Kotschwar defended her valuation, explaining that the purchase price of the property and sales of similar properties support the valuation placed on the man's house and land. The man countered, "If I was ignorant in paying too much, it can't be proven because I didn't have an appraisal done."
A McCook-area farmer told commissioners that the only structure of any value on the old homestead is a granary. He chuckled about the other structures -- a hog house and chicken coops -- "I could let the wind blow 'em down. The barn would be gone in a good wind storm."
Repairs to an elderly rental house would be too expensive, he said. A renter moved out, he said, for a time returning only to feed two dogs he kept cooped up inside, causing irreparable damage to floors. No one's lived there for eight to 10 years now, he said.
Downer said, "Things depreciate fast when no one's living in it."
Kotschwar said her office maintains a "flat" or "minimal" value on irreparable properties -- $500 to $1,000 on a house and "no value" on outbuildings -- until they can be torn down.
Commissioners promised to make a close inspection of the property and make adjustments to the property's valuation if necessary.
Kotschwar said assessors can't place a lot of weight on the price of a property purchased at auction, especially if it's a distress auction or foreclosure sale, explaining to commissioners the difference between her tax valuation of an Indianola property and what a new owner paid for it at a recent auction. The property sold a couple years ago for $62,000, and $22,500 at a recent foreclosure auction.

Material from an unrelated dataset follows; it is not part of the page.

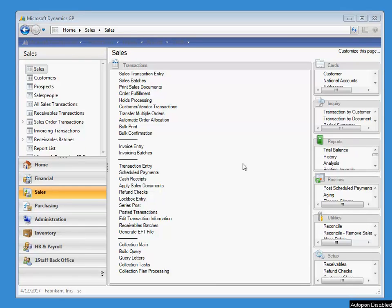In a previous video, we discussed how to use the included sample data to quickly get customers assigned to a collection plan. In this video, we will see how to put those plans into action.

In another situation, she said, a two-story rural house has new vinyl siding and some new windows. What's the condition of the inside?
From the outside of another home, it's not apparent that the owner has renovated her duplex into a single-family dwelling, and that the basement is unfinished.
In a perfect world, Kotschwar said, "We'd get into every home to see the whole picture. The interior does affect the valuation."'
"We haven't done anything to that house in seven years," the man said. "You raised my taxes 14 percent, and I want to know why."
Kotschwar explained to the man and his wife that the state requires that all residential properties be valued for tax purposes at 92 to 100 percent of fair market value. If the state feels that Red Willow County properties are not valued within that range, it will demand that they be valued at 100 percent of fair market value.
Recent sales of similar homes in the couple's neighborhood are driving valuation increases, Kotschwar said.
Nebraska and Red Willow County are not experiencing the same dramatic slump in the housing market that many homeowners and buyers across the nation are seeing, Kotschwar said. If that does begin to happen, if the prices and sale of homes begin to decline because of instability in the housing market and the economy, she assured the couple that the valuation of Red Willow County properties would be adjusted accordingly.
The couple's home is in a very desirable neighborhood, Kotschwar said, and recent sales of similar properties will support the valuation placed on the couple's property.
Kotschwar said that sales of residential properties used for comparison must be recent, having happened for 2008 taxing purposes between July 1, 2006, and June 30, 2008. Sales of commercial properties used for comparison must have happened between July 1, 2005, and June 30, 2008.
Though the couple presented a long list of the varying percentage of increases in taxes for their neighbors, Kotschwar said her office does not compare the percentage of increases from one house to another within a neighborhood.
Commissioners and Kotschwar have more hearings, on July 13 and July 15.